▶ _Exercise prompt_
Your copy starts at the line containing "Tea Green Crepe" and ends at the last line of the material below. Reproduce those lines exactly, with no pictures.

▶ _The input_
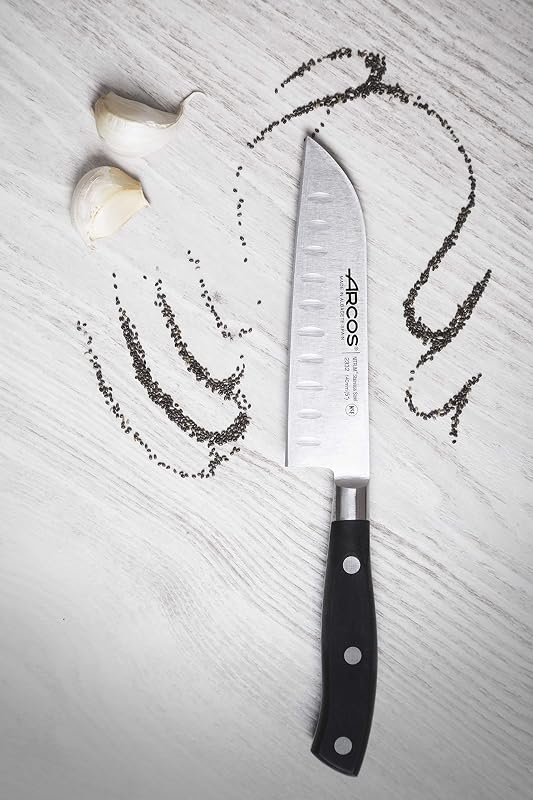 Set di 3 Coltelli da Cucina: 1 Coltello Mondador + Santoku + Coltello Chef – Lama in Acciaio Inossidabile e Manico in Poliossimetilene – Serie Riviera, Colore Nero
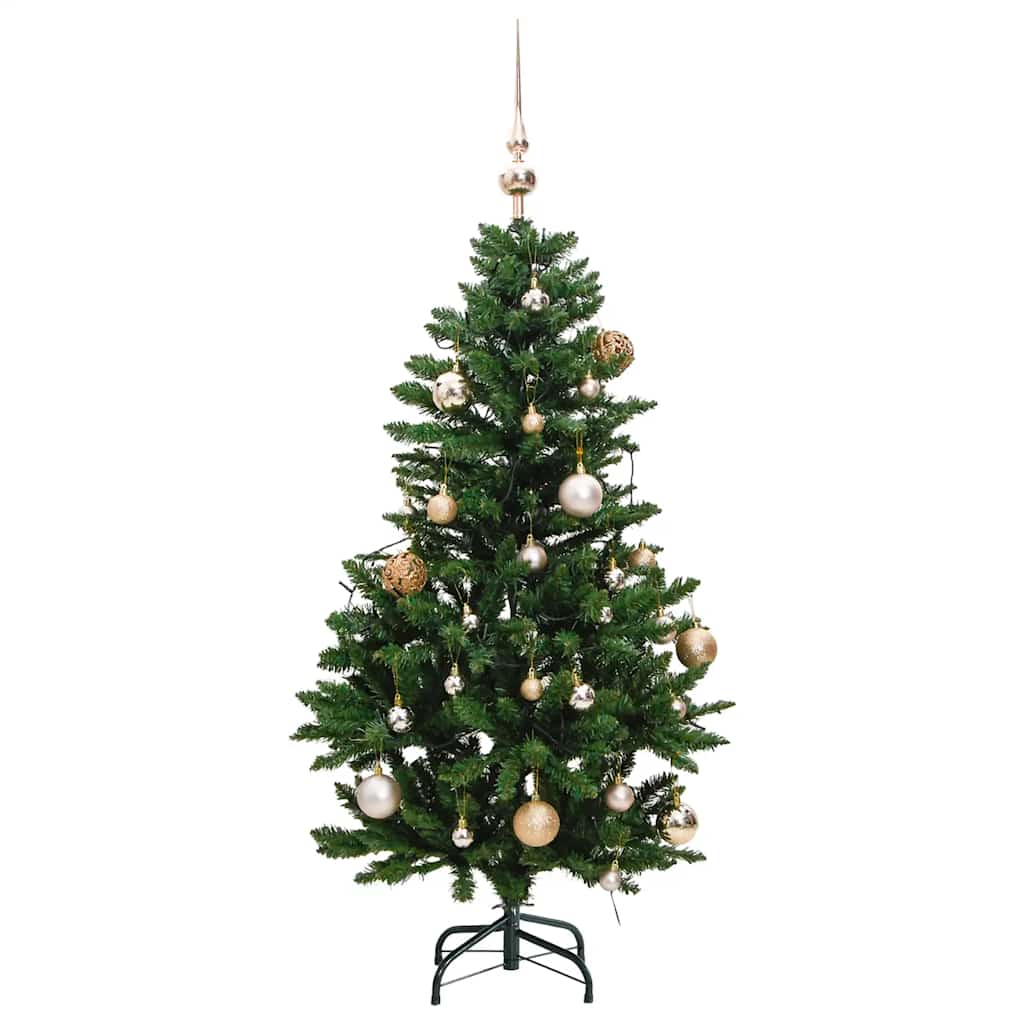 kunstigt juletræ 150 LED'er og kuglesæt hængslet 120 cm
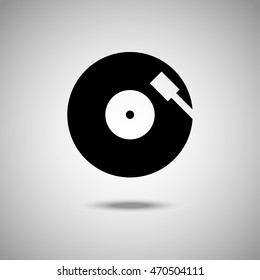 Vinyl icon. Flat style. Grey background. Vector illustration.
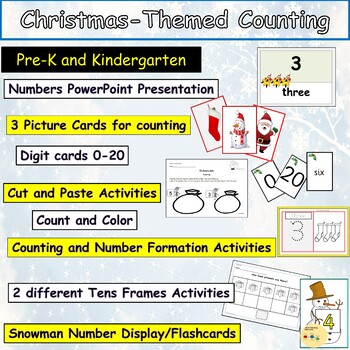 Preview of Christmas Theme Counting to 20 Presentation Flash Cards Worksheets Activities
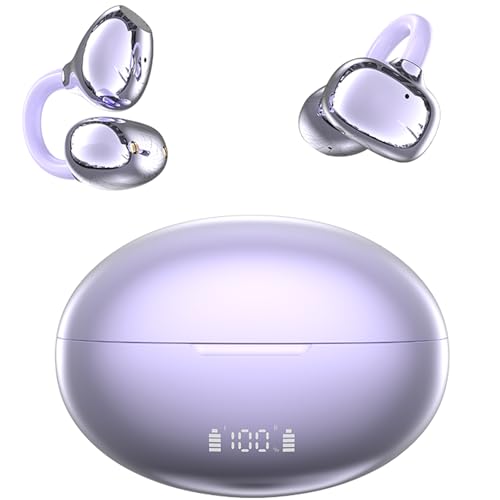 Image of ClipFree Open-Ear Headphones, Upgraded V6.1 Bluetooth Wireless headsets, Comfort & Snug Fit Clip On Earbuds, Smart Power Display, 50H Playtime Headphones for Women Gifts, Sports & Workouts-Purple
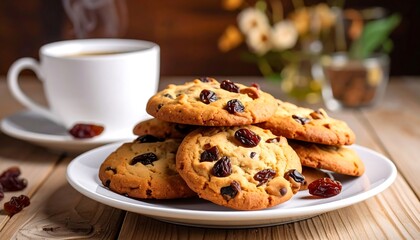 Delicious Raisin Cookies and Coffee - A Cozy Treat.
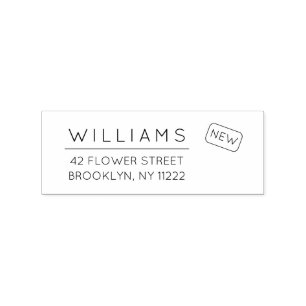 Tampons Encreurs En mouvement. Nouvelle adresse. Typographie minima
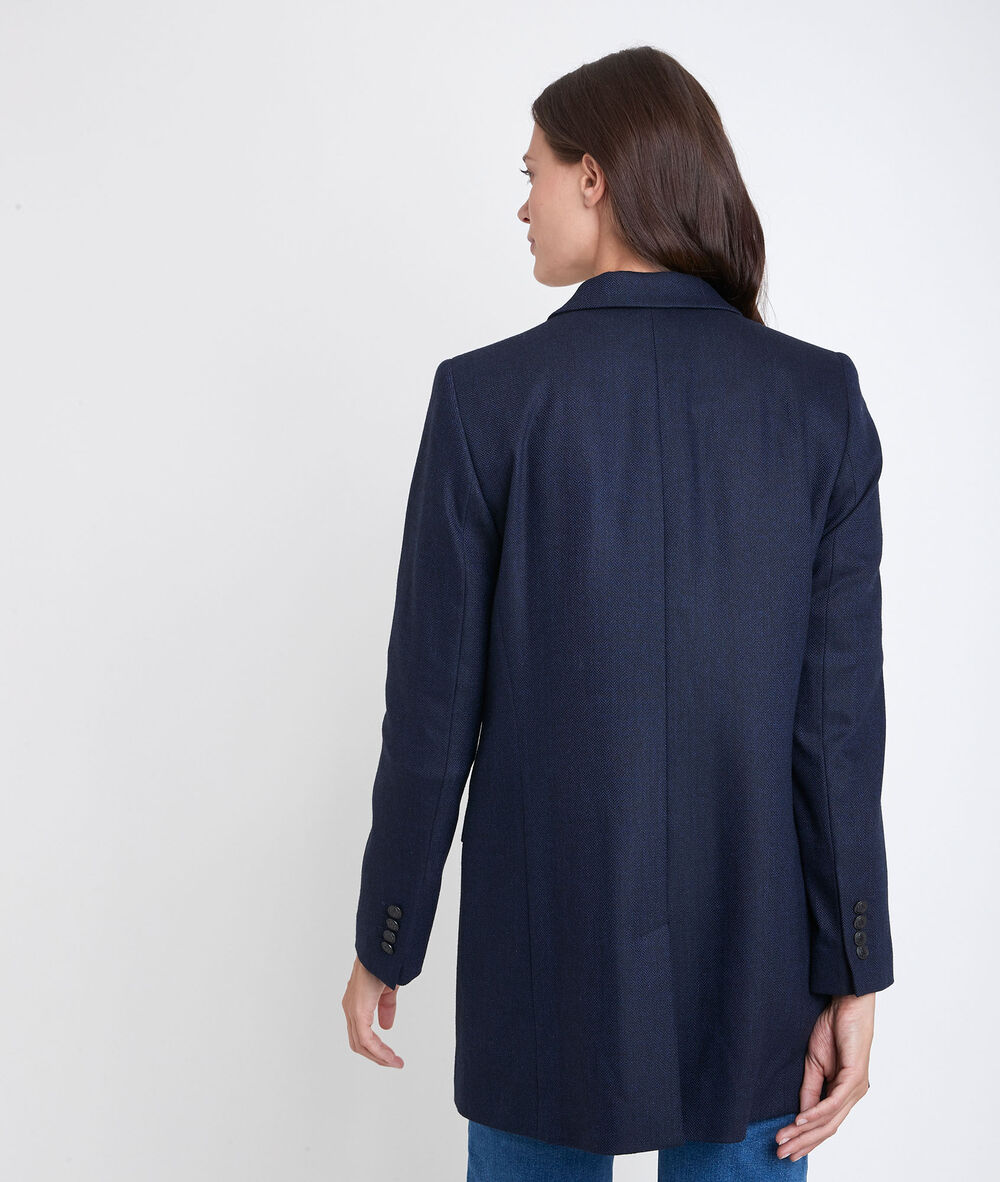 Veste longue à chevrons tamara marine.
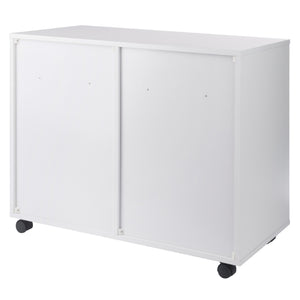 Winsome Wood Halifax Multi-storage Mobile Cabinet With Drawers & Bins - Versatile White Organizer On Wheels White Composite Wood 10804-winsome-wood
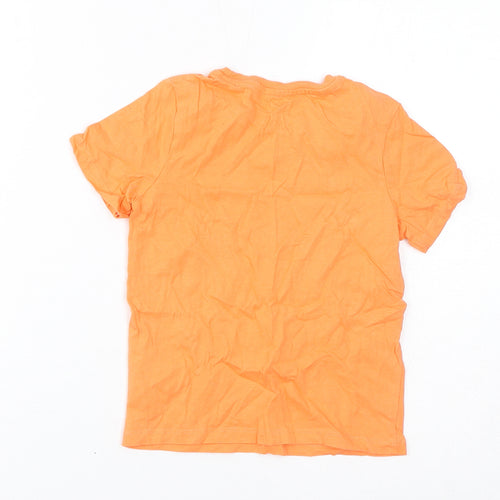 Everyday Boys Orange Cotton Basic T-Shirt Size 3-4 Years Round Neck Pullover - Wild Life Crew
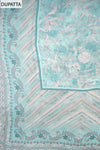 Tea Green Crepe Unstitched Salwar Suit With Crepe Dupatta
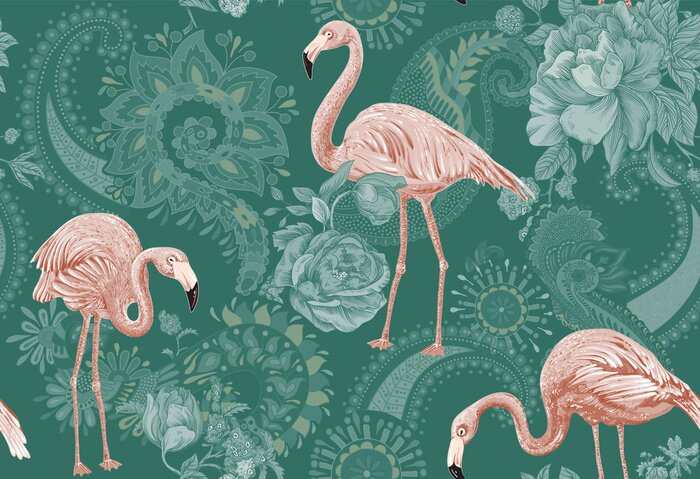 Behang Flamingo's op een groene achtergrond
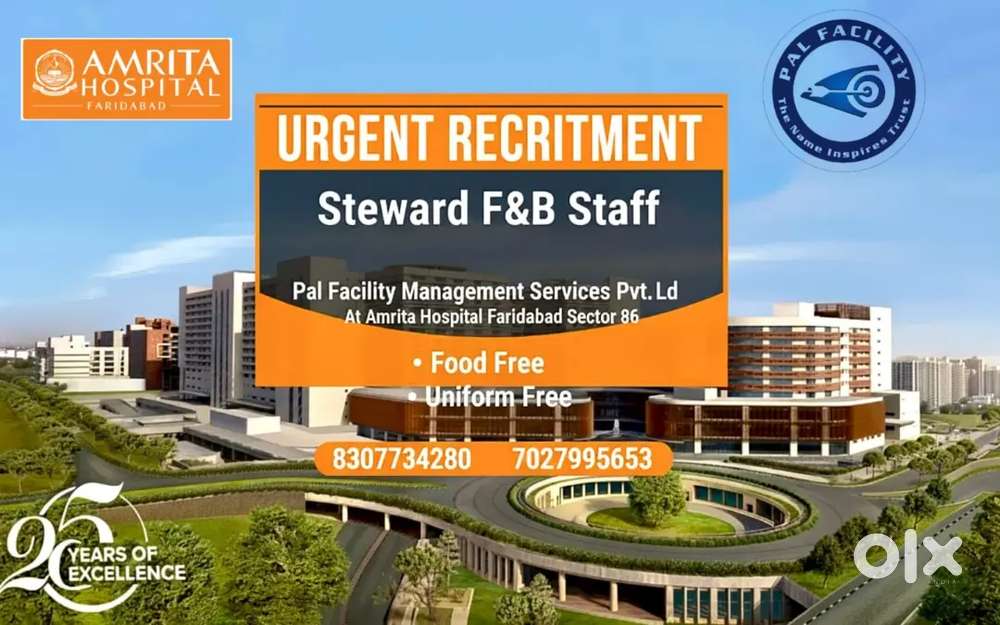 Amrita Hospital Faridabad F&B Service Steward In Canteen Work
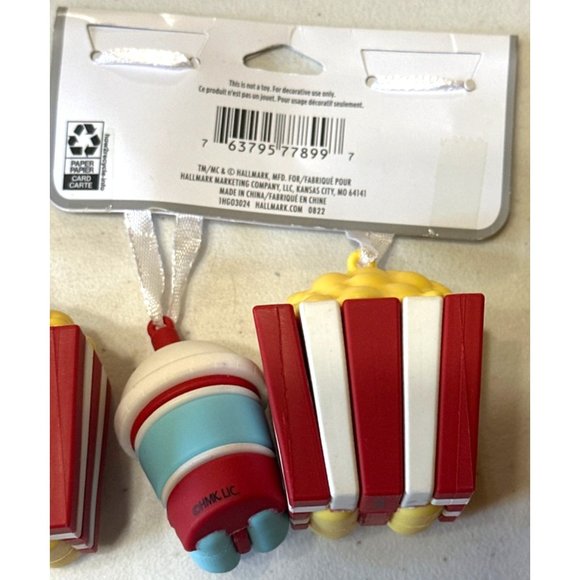 2 X 2-pk Hallmark Ornaments Popcorn & Slushie Plastic Tree Ornaments (NWT) - Picture 8 of 16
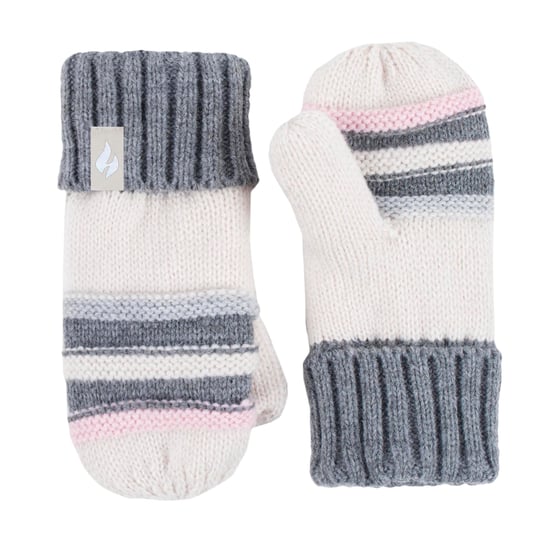 Heat Holders - Girls Winter Warm Pom Pom Bobble Beanie Hat and Mittens Set - Buttercream - Image 4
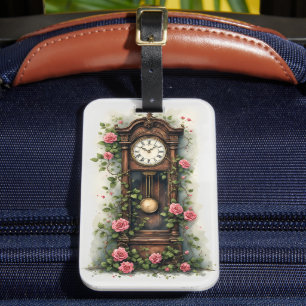 Vintage Ivy Rose Grandfather Clock Luggage Tag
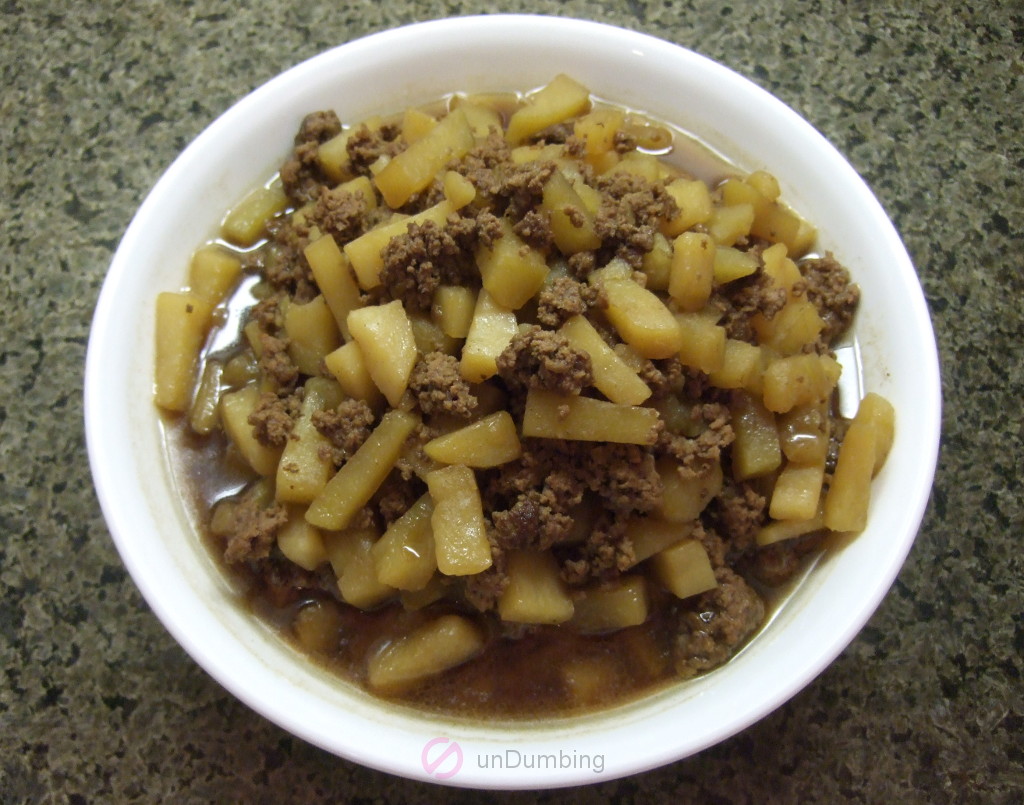 Bowl of ground beef and potatoes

▶ _Exercise answer_
 Tea Green Crepe Unstitched Salwar Suit With Crepe Dupatta
 Behang Flamingo's op een groene achtergrond
 Amrita Hospital Faridabad F&B Service Steward In Canteen Work
 2 X 2-pk Hallmark Ornaments Popcorn & Slushie Plastic Tree Ornaments (NWT) - Picture 8 of 16
 Heat Holders - Girls Winter Warm Pom Pom Bobble Beanie Hat and Mittens Set - Buttercream - Image 4
 Vintage Ivy Rose Grandfather Clock Luggage Tag
 Bowl of ground beef and potatoes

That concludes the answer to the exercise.